Recorded data:
▽

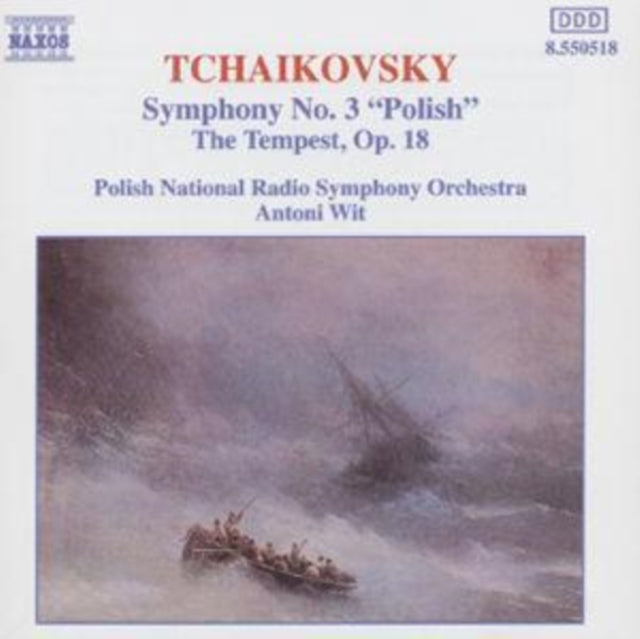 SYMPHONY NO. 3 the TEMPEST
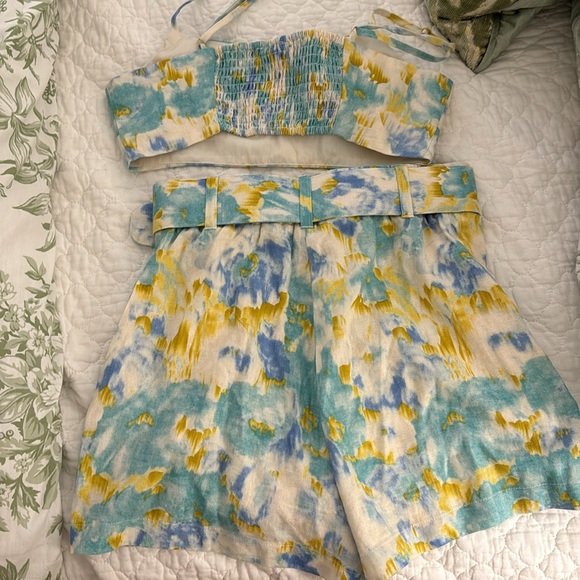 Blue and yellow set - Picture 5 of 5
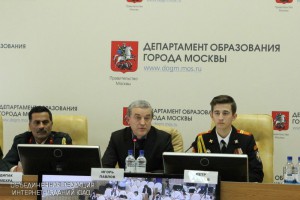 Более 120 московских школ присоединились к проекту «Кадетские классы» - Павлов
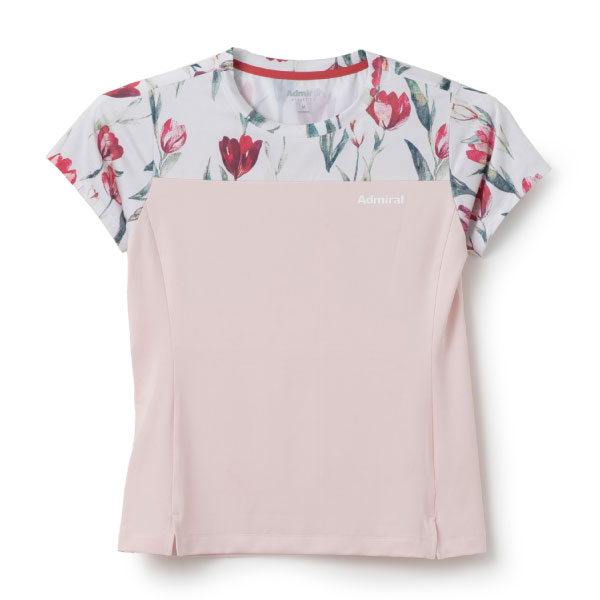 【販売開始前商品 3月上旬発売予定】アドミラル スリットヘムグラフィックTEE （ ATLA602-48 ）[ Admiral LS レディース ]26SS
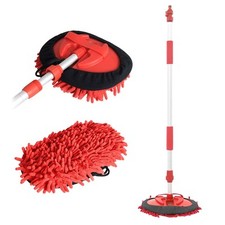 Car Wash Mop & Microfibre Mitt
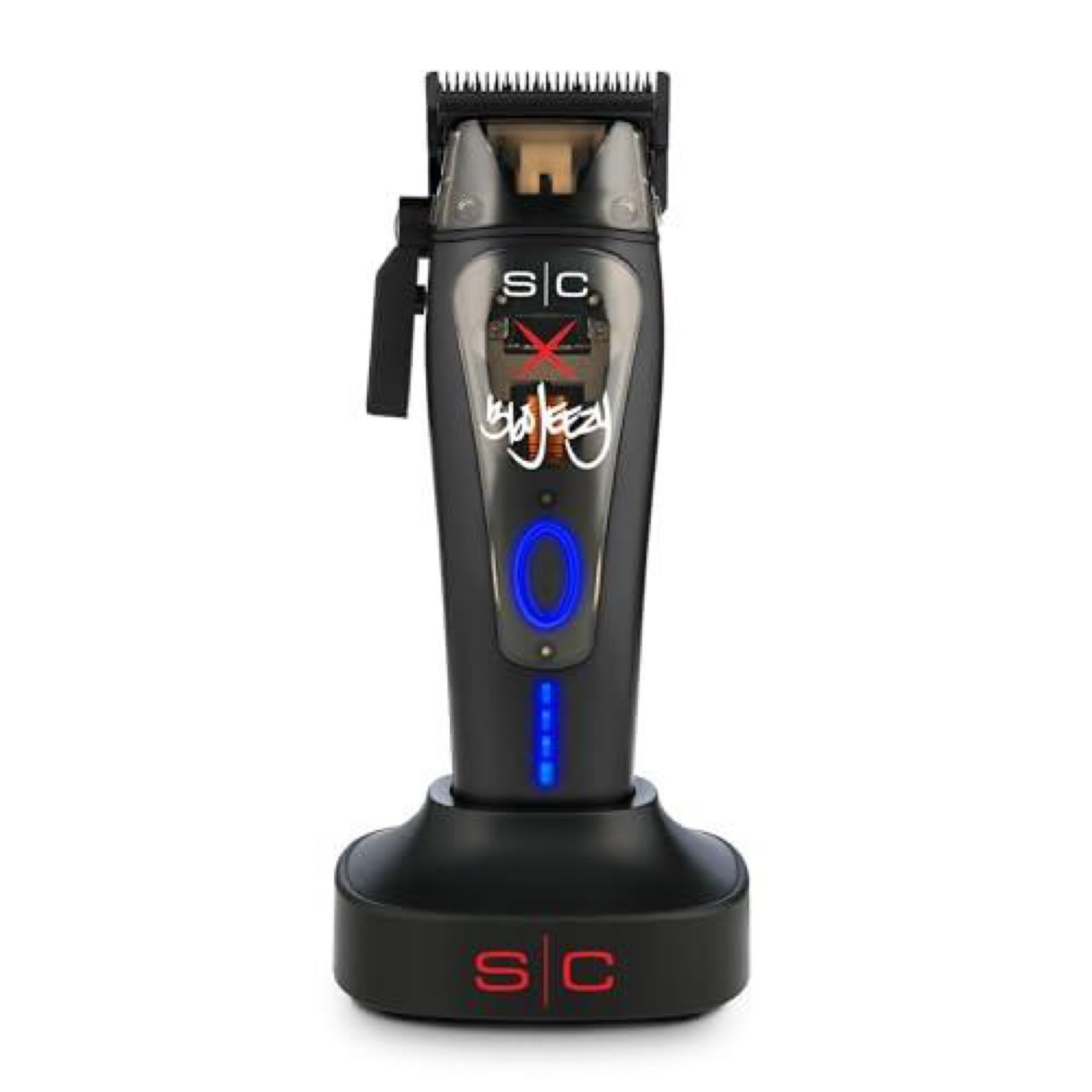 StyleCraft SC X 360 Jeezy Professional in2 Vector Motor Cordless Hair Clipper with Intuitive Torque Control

△
▽

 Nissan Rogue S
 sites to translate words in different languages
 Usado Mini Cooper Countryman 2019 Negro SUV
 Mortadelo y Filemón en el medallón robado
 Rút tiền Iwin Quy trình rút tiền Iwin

△
▽

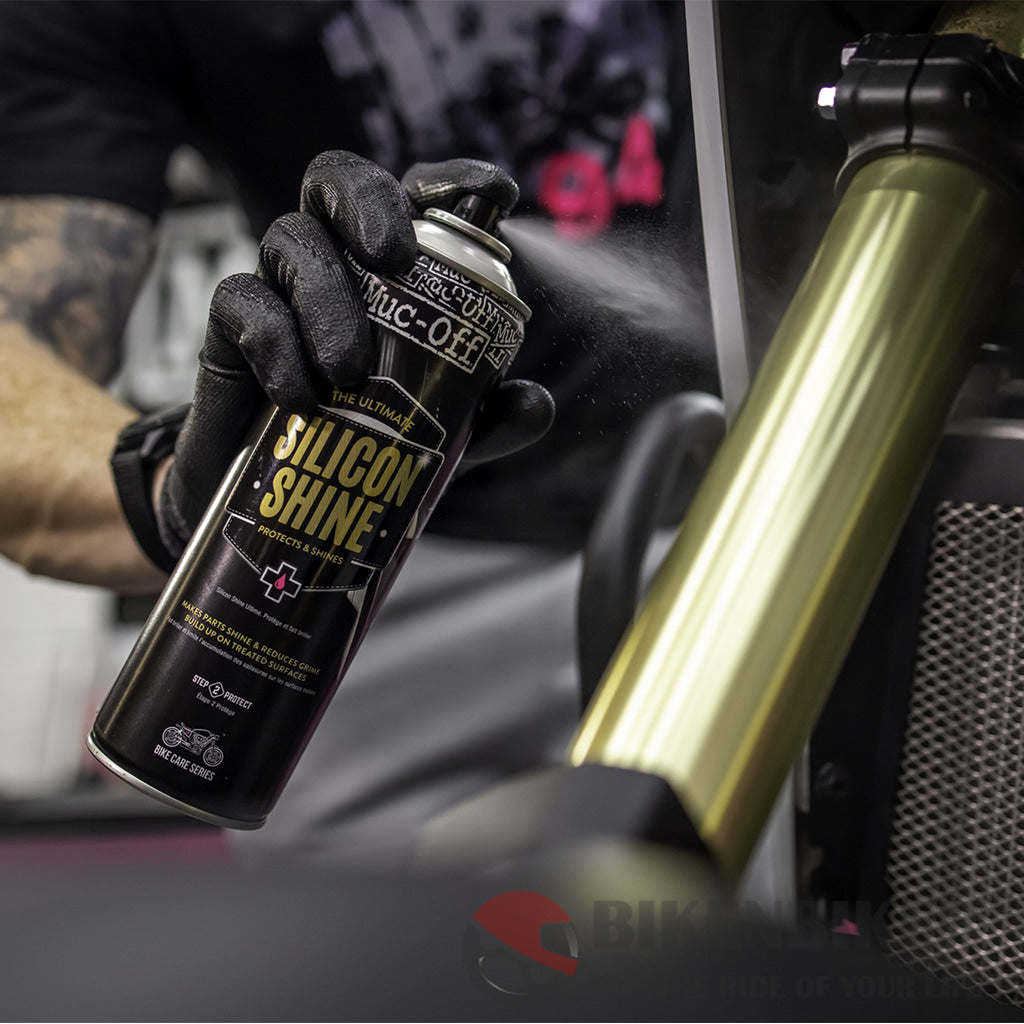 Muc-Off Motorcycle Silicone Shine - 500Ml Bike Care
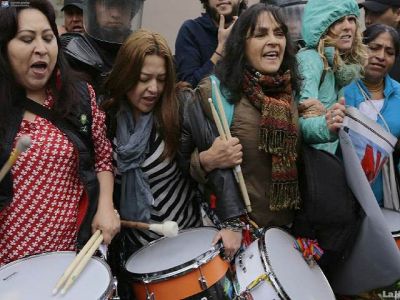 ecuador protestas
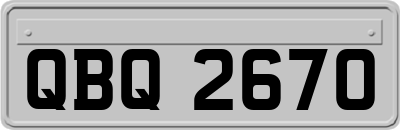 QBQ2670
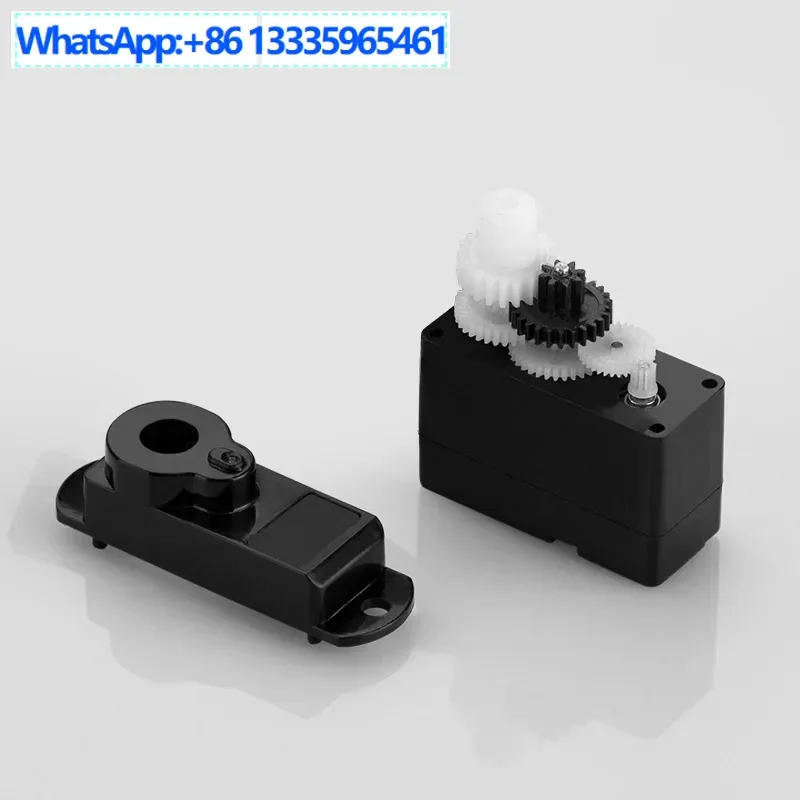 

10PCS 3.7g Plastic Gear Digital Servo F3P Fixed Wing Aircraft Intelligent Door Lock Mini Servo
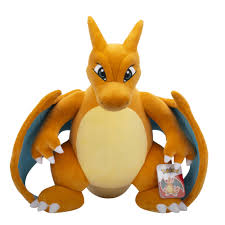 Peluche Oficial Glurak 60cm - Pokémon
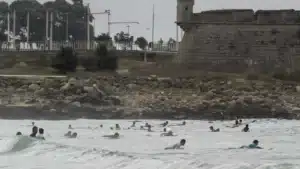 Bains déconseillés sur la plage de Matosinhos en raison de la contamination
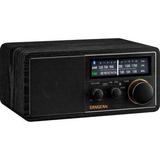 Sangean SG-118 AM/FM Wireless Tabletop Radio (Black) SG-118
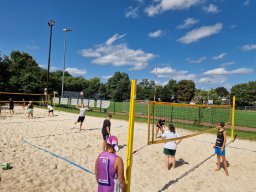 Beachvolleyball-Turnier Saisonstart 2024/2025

△

DESCRIPTION OF THE TASK: Given the entries above, transcribe exactly the lines from the one holding "Более 120 московских" through the one holding "StyleCraft SC X"; pictures do not belong in the transcription.

TASK ANSWER:
 Более 120 московских школ присоединились к проекту «Кадетские классы» - Павлов
 【販売開始前商品 3月上旬発売予定】アドミラル スリットヘムグラフィックTEE （ ATLA602-48 ）[ Admiral LS レディース ]26SS
 Car Wash Mop & Microfibre Mitt
 StyleCraft SC X 360 Jeezy Professional in2 Vector Motor Cordless Hair Clipper with Intuitive Torque Control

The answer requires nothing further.